[Opening Given entries section]

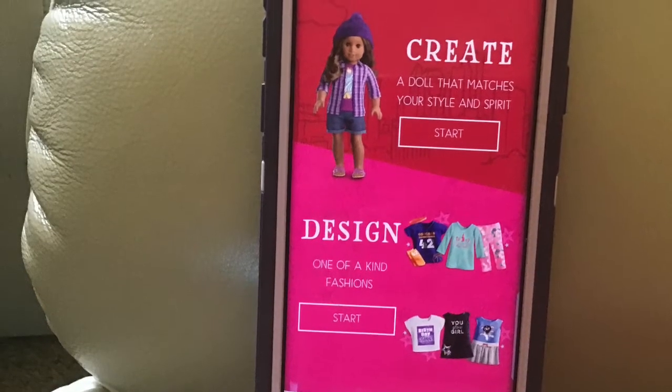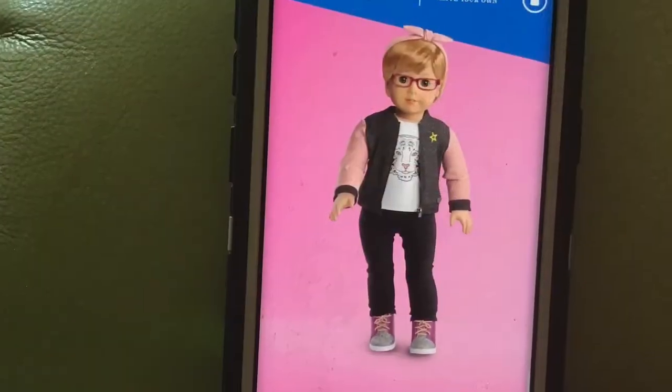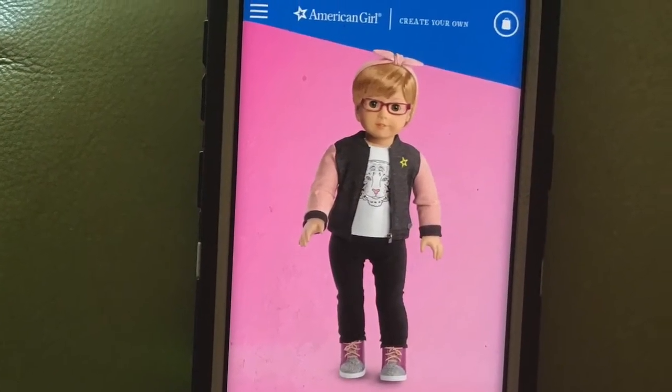Welcome back to my channel. Today we're going to make our own American Girl doll — I'll show you how to make a boy doll out of a girl doll. So let's get started.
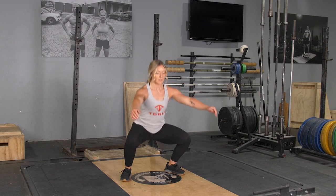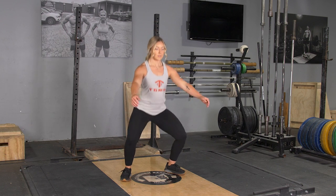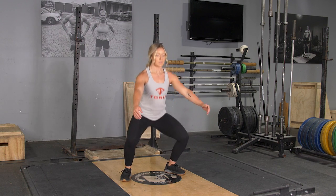To complete the body weight squat exercise, begin standing in an upright position with your feet slightly wider than shoulder width.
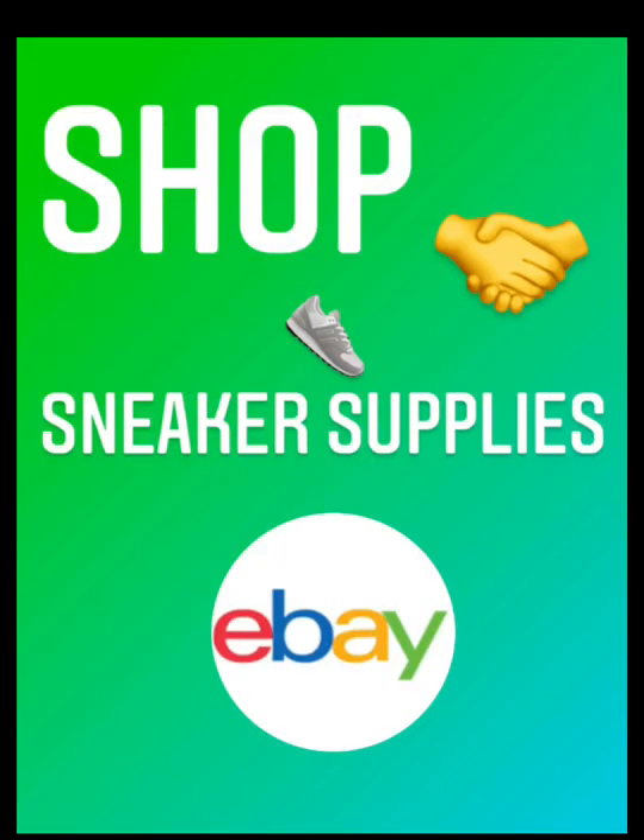Reglue kit and more sneaker supplies available on eBay. Please check the links in the description or in the comments.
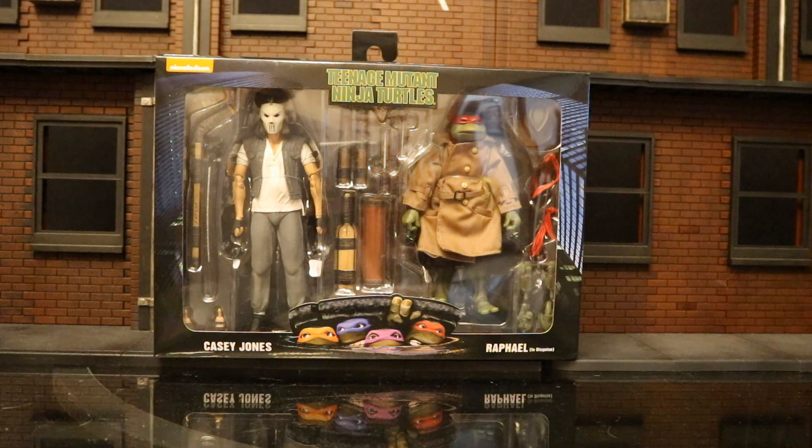Hey everybody, this is Dee Hunter bringing you another action figure review. Today we're going to be looking at the NECA Teenage Mutant Ninja Turtles 1990 film Casey Jones and Raphael in Disguise 2-pack.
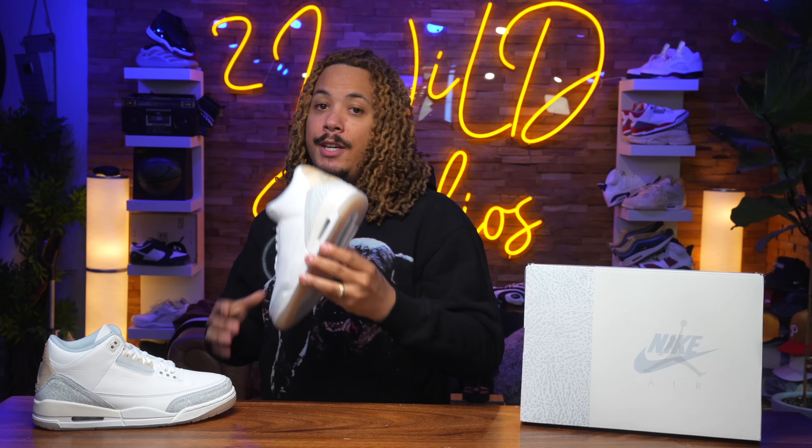What's good everybody in the building, it's your boy Tony D2 Wild checking in today. Today we have the Jordan 3 Craft.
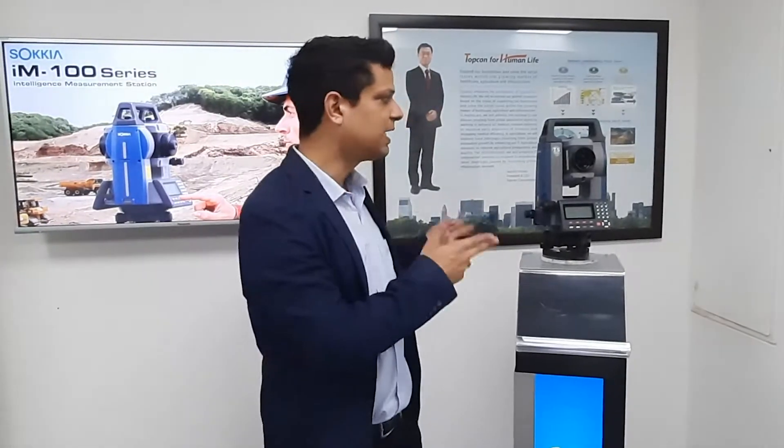Hello everyone, today let me introduce Ion total stations from Sokkia. These are intelligent measurement stations which can measure on the prisms, reflective sheets, or direct non-prism measurements onto the surface.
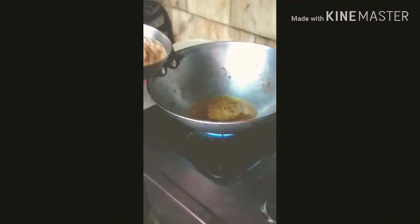I have some oil in the pan. We have brown oil — add the onion paste to the pan first, then add salt to taste and mix well.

[Closing Given entries section]

Line by line, write out the data above exactly, without the pictures.

## Written solution:
Welcome back to my channel. Today we're going to make our own American Girl doll — I'll show you how to make a boy doll out of a girl doll. So let's get started.
To complete the body weight squat exercise, begin standing in an upright position with your feet slightly wider than shoulder width.
Reglue kit and more sneaker supplies available on eBay. Please check the links in the description or in the comments.
Hey everybody, this is Dee Hunter bringing you another action figure review. Today we're going to be looking at the NECA Teenage Mutant Ninja Turtles 1990 film Casey Jones and Raphael in Disguise 2-pack.
What's good everybody in the building, it's your boy Tony D2 Wild checking in today. Today we have the Jordan 3 Craft.
Hello everyone, today let me introduce Ion total stations from Sokkia. These are intelligent measurement stations which can measure on the prisms, reflective sheets, or direct non-prism measurements onto the surface.
I have some oil in the pan. We have brown oil — add the onion paste to the pan first, then add salt to taste and mix well.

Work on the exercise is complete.